We have a problem with our Canon P&S. It's a Powershot SD750 "Digital Elph", 7.1MP. Couple days ago, it dropped onto a hard floor - not far or forceful, maybe 18 inches. Landed on the upper back corner, above the LCD screen - behind the flash. And ever since, flash is out. It will focus, the red focusing light comes on & you can see it go on the screen (and hear the motor noise), but if the flash is On it will not fire. No shutter or flash. If I turn the flash off, it works just fine.

Based on what's happened, I'm thinking maybe a wire or capacitor got jarred loose or disconnected, but don't know.
Has anyone dealt with something similar? Is this repairable? Any resources? I'm also Googling, but that's not been especially helpful so far.


----------



## cgipson1 (Mar 28, 2013)

Lot of used ones for sell, in the $25 to $50 dollar range. Probably be cheaper than getting it fixed. Or upgraded to something newer that has more than 7 megapixels?
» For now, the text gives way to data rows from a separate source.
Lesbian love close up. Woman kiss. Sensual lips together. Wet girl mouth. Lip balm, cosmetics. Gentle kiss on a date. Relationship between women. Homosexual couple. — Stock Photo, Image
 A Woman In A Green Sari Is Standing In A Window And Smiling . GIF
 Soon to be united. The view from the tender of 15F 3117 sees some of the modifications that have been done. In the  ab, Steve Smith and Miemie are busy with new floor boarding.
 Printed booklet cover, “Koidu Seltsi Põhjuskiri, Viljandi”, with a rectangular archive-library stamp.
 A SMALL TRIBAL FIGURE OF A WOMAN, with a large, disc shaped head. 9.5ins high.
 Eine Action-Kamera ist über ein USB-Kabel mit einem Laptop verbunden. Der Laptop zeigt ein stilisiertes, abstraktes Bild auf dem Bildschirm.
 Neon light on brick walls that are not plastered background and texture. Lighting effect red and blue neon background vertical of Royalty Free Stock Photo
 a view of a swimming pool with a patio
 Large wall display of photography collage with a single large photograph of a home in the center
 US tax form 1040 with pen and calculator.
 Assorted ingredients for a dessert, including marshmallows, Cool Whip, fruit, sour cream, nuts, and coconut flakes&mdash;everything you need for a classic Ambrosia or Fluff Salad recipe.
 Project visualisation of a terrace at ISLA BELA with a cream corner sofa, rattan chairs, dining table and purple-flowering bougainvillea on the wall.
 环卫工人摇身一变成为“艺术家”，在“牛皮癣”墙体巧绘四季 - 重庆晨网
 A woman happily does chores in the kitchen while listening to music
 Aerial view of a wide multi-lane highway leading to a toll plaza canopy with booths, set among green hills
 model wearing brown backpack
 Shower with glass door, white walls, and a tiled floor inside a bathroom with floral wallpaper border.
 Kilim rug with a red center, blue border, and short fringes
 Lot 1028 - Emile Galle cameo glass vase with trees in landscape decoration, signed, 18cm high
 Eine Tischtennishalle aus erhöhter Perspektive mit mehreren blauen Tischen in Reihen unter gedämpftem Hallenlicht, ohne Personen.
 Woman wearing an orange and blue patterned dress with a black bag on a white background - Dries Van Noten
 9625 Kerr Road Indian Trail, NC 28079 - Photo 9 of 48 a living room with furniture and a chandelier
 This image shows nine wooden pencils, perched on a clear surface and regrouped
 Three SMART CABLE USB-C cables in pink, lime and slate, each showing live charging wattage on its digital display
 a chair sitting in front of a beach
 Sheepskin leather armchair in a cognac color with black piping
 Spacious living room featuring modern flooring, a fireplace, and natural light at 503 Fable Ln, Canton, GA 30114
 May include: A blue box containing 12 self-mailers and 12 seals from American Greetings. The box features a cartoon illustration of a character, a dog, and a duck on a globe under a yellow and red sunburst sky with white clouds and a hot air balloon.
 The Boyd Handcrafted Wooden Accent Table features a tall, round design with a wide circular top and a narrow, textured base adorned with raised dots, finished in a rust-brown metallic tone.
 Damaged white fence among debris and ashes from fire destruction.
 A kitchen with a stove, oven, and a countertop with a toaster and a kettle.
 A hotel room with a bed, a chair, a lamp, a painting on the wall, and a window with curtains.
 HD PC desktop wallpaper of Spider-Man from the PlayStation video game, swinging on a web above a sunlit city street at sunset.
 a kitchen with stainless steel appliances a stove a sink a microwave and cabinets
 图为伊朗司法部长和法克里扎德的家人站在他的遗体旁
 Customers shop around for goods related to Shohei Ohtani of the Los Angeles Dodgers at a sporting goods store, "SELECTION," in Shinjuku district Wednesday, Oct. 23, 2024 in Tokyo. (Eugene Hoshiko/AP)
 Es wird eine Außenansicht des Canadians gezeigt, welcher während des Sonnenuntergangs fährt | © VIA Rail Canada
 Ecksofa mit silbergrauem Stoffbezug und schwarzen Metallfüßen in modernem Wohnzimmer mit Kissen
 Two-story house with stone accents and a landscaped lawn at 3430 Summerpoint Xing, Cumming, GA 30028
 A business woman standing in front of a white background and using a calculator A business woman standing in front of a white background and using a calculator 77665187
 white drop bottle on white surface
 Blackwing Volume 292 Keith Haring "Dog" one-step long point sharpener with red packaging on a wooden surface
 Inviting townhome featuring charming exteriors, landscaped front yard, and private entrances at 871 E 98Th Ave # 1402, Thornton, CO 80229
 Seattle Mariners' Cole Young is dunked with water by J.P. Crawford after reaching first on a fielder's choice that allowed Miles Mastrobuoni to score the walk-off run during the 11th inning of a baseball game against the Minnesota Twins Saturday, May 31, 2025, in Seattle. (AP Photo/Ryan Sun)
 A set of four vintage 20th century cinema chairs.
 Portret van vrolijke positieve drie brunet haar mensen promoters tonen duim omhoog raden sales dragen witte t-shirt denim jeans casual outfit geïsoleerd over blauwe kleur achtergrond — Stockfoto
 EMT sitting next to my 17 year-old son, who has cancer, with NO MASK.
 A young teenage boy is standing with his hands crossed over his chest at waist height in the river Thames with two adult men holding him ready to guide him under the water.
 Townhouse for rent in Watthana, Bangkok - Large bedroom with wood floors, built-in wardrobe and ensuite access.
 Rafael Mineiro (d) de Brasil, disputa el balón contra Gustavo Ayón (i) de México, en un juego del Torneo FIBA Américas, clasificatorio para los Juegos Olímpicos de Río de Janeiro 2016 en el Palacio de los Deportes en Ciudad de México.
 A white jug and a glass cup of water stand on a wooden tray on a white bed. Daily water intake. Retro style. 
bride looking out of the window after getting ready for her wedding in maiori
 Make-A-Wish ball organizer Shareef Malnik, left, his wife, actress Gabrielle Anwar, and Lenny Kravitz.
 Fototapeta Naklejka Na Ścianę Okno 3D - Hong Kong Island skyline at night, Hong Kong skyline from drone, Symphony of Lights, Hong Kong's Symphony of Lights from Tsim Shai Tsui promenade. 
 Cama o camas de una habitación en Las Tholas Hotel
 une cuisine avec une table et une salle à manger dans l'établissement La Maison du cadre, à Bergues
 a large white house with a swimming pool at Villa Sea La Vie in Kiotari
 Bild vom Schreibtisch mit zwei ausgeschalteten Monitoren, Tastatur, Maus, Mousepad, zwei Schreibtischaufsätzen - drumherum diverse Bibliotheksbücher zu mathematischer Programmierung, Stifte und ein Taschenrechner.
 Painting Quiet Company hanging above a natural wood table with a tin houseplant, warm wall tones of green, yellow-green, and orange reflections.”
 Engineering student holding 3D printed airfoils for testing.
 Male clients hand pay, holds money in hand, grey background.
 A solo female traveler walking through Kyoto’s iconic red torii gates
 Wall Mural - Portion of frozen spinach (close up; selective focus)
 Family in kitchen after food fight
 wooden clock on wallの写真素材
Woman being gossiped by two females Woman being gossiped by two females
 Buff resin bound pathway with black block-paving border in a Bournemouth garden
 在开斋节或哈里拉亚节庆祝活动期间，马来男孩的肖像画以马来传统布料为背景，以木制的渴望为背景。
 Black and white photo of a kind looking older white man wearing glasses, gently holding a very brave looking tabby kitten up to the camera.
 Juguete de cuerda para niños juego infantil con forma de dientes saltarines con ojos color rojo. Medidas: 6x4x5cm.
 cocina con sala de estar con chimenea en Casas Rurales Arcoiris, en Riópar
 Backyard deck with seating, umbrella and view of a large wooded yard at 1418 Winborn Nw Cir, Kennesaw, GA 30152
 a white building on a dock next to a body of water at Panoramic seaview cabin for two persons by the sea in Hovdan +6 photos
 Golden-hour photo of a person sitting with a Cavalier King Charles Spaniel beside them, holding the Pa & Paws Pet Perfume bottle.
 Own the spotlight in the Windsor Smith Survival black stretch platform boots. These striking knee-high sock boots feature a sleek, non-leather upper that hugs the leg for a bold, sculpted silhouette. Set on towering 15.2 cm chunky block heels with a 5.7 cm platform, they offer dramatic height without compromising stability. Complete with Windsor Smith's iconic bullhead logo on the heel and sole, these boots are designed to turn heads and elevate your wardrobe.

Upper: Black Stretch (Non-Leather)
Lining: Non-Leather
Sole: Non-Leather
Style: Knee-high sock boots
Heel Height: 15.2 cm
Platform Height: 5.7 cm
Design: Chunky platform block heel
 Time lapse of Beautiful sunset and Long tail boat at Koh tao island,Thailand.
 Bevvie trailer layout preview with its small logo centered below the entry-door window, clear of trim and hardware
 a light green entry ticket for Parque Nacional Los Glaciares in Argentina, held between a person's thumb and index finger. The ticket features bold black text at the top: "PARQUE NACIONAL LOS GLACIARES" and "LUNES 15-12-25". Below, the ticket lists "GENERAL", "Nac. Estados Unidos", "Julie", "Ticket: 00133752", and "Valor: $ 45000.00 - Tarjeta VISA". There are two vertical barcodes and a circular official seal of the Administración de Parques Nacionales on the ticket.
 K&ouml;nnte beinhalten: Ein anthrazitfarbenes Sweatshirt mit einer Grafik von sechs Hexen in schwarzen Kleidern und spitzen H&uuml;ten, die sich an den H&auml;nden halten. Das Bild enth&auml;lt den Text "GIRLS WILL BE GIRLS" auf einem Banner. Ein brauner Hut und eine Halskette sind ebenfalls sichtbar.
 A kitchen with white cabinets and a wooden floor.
Like this: Amazon.com: Canon PowerShot A2300 IS 16.0 MP Digital Camera with 5x Optizal Image Stabilized Zoom 28mm Wide-Angle Lens with 720p HD Video Recording (Silver): Camera & Photo

Here is the Canon repair site : https://www.usa.canon.com/cusa/consumer?pageKeyCode=onlineRepairLanding


----------



## thomas30 (Apr 1, 2013)

Yes it is repairable, I faced almost similar kind of prob with my Nikon Camera.


----------



## KmH (Apr 1, 2013)

It could also be that the flash tube got broken.


----------